Jerry Brown Insists CA Sanctuary Laws Don’t Benefit Criminal Illegal Aliens

California deploys 400 National Guard troops to 'combat crime'
AFP

California Governor Jerry Brown on Tuesday insisted that California’s “sanctuary state” laws do not benefit criminal illegal aliens.

While speaking at the National Press Club in Washington, DC, Brown was asked whether California’s “sanctuary state” laws favor the “rights of criminal illegal aliens over the rights” of law-abiding Californians.

Brown said that notion is “absolutely false” and claimed that there is not a “scintilla of evidence that would support such an outlandish” proposition.

The California governor also said that it is a “lie” to say that Fullerton’s Grace Aguilar would still be alive if the state had more stringent immigration enforcement.

Aguilar, who was just six years of age, was reportedly murdered this year while sitting in her front yard by a twice-deported illegal immigrant who was driving under the influence.

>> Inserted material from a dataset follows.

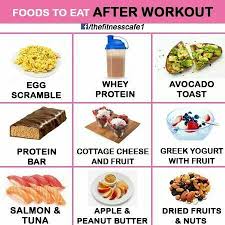 What You Ought To Know About Protein As A Fitness Guru After Workout Food Eating After Workout Post Workout Food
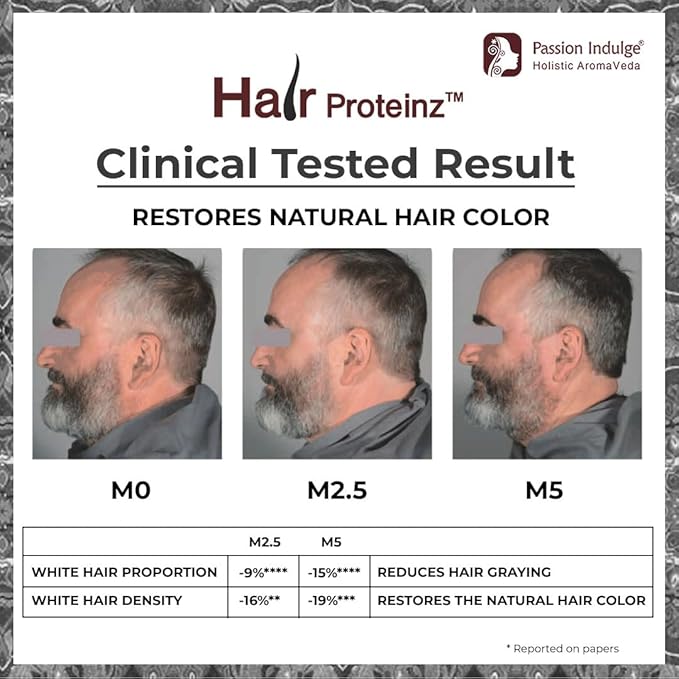 Passion Indulge Hair Proteinz Anti Grey Hair Serum with Arcolys, Black Tea & Amla | Prevents Premature Greying & Restore Natural Hair Color -50 ML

NBC4 reported in February:

Immigration officials say 50-year-old Maximino Delgado Lagunas, who is in the United States illegally, had a blood alcohol level nearly three times the legal limit when he was arrested. Immigration and Customs Enforcement has revealed to NBC4 that Lagunas, a Mexican national, had been deported twice, once in 2001 and again in 2008.

Court records show that in 2015 he was arrested for another DUI. Immigration officials say that back then Buena Park police did not detain Lagunas for the required 48 hours for pickup by immigration officials, instead placing him on informal probation and releasing him to the streets.

It took the Aguilars eight years to have their precious Grace, who was described as someone who “loved people, nature and God.”

Brown last year signed SB 54, the state’s main sanctuary law that prohibits local authorities from honoring Immigration and Customs Enforcement (ICE) detainers, and he has vehemently defended it.

After the Trump administration filed a lawsuit against three of California’s “sanctuary state” laws in March, Brown accused the Trump administration of “going to war” against the Golden State.

“This is basically going to war against the state of California, the engine of the American economy,” Brown said then. “It’s not wise, it’s not right, and it will not stand.”

Tuesday at the National Press Club, Brown also said that local officials who have been voting to defy the state’s sanctuary laws were “low-life” politicians trying to “exploit” the immigration issue.